▶ _Input data_:
>>>>

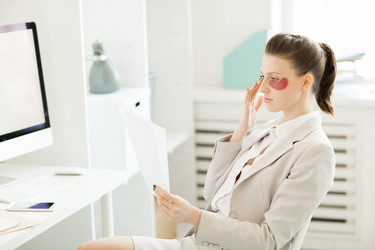 Similar image 20114609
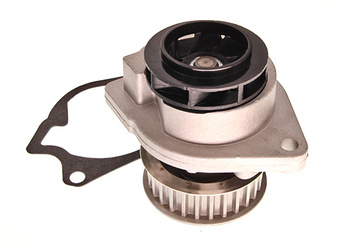 MAXGEAR Pompa Wody MGC-5431 VW GOLF 4 / BORA 1.4 16V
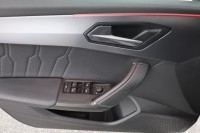 Cupra Leon ST 2.0 TSI DSG VZ 4Drive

<<<<

▶ _Required action_: Find the line that contains "MAXGEAR Pompa Wody" and repeat it, along with every line after it to the end of the data, exactly; drop the pictures.

▶ _Answer to this problem_:
 MAXGEAR Pompa Wody MGC-5431 VW GOLF 4 / BORA 1.4 16V
 Cupra Leon ST 2.0 TSI DSG VZ 4Drive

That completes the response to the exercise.